**Your assignment:**
The required output is the exact sequence of lines from the line holding "Katzen Kletterwand Set" to the end of the records, inclusive.

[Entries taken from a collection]
+++

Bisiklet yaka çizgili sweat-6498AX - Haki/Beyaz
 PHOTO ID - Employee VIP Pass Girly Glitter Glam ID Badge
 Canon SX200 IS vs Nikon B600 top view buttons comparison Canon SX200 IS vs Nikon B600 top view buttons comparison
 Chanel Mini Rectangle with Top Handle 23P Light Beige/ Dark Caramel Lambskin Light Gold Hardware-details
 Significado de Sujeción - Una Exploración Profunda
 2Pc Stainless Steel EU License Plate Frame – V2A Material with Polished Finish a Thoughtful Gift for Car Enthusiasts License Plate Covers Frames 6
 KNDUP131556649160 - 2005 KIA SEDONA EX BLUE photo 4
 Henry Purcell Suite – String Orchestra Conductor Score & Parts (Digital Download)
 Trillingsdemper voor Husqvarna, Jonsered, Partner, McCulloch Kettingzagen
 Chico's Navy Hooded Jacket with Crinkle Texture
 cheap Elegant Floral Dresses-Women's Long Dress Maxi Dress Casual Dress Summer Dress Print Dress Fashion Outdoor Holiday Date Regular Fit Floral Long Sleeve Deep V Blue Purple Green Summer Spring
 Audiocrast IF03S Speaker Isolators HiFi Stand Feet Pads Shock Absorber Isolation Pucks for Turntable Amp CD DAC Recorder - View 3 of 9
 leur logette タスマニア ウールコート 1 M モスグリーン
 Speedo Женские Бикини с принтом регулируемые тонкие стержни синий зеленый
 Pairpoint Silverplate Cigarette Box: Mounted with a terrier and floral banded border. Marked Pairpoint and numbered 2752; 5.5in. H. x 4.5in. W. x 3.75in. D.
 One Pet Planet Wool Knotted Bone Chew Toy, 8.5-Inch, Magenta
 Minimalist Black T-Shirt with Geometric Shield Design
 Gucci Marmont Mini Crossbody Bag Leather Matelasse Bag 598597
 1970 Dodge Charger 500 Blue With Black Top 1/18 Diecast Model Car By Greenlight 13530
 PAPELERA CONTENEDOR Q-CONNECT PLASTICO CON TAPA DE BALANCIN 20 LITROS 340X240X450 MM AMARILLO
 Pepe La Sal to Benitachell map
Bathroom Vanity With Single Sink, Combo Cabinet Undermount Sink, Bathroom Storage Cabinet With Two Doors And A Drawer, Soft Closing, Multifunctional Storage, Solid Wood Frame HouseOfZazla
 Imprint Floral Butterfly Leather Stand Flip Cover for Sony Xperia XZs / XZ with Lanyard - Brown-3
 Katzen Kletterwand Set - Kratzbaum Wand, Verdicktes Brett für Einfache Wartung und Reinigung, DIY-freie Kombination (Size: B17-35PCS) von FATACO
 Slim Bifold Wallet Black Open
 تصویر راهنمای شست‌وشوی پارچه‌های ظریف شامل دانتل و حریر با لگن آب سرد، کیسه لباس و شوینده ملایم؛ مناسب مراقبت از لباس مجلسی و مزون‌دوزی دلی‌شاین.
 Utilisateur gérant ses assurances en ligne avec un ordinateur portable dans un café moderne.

+++

**Finished task:**
 Katzen Kletterwand Set - Kratzbaum Wand, Verdicktes Brett für Einfache Wartung und Reinigung, DIY-freie Kombination (Size: B17-35PCS) von FATACO
 Slim Bifold Wallet Black Open
 تصویر راهنمای شست‌وشوی پارچه‌های ظریف شامل دانتل و حریر با لگن آب سرد، کیسه لباس و شوینده ملایم؛ مناسب مراقبت از لباس مجلسی و مزون‌دوزی دلی‌شاین.
 Utilisateur gérant ses assurances en ligne avec un ordinateur portable dans un café moderne.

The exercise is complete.